E & C : Que peuvent faire les DRH pour favoriser ou maintenir l’employabilité de leurs collaborateurs ?

E. S.-G. : Tout d’abord, ils doivent s’engager dans des démarches de veille et d’anticipation négociées, et partager l’information afin de donner de la visibilité aux salariés. Il faut, par ailleurs, mettre à la disposition de ces derniers des outils de gestion des compétences et des carrières afin de créer les conditions de la prise d’initiative et de l’apprentissage. Enfin, les DRH doivent proposer des transitions professionnelles régulières et les accompagner. La communication et l’écoute sont donc déterminantes, à la fois dans la diffusion de l’information et la promotion des outils disponibles, mais aussi dans la gestion de la marque employeur. Il faut éviter à tout prix un discours uniforme, démesurément optimiste, et s’appuyer sur le dialogue social afin de calibrer les outils d’évaluation et les pratiques de gestion pertinents. Au-delà du développement de l’employabilité des salariés, la préoccupation première des DRH doit être d’éviter de fabriquer de l’inemployabilité.

PARCOURS

• Ève Saint-Germes est maître de conférences en sciences de gestion à l’université Nice Sophia-Antipolis – Laboratoire Gredeg (CNRS). Elle est directrice d’études du master 2 Management spécialité conseil en organisation et audit social de l’École universitaire de management-IAE de Nice

• Ses recherches concernent la gestion et l’évaluation de l’employabilité, notamment dans le cadre des restructurations ou pour les seniors.
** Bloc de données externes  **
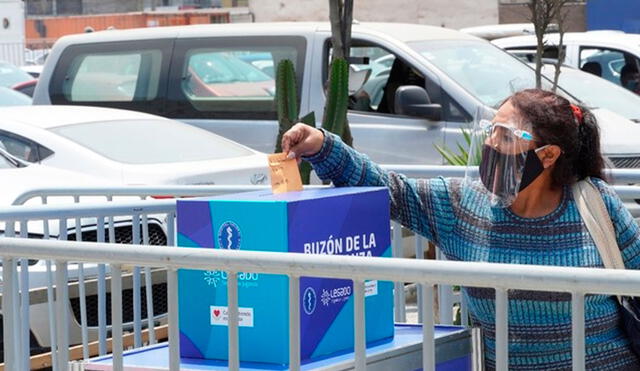 Familiares buscan brindar soporte a sus pacientes internados. Foto: Andina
• Elle a participé à des ouvrages et publié des articles dans des revues académiques (Revue de GRH, @GRH, Gestion…) et professionnelles.

SES LECTURES

• La Passion de l’ordinaire. Miettes sociologiques, Michel Maffesoli, CNRS Éditions, 2011.

• La GPEC, levier d’employabilité et de compétitivité ?, Nicole Raoult et Joëlle Pelosse, Éditions Liaisons, 2011.

• Les Stratégies des ressources humaines, Bernard Gazier, La Découverte, 2010.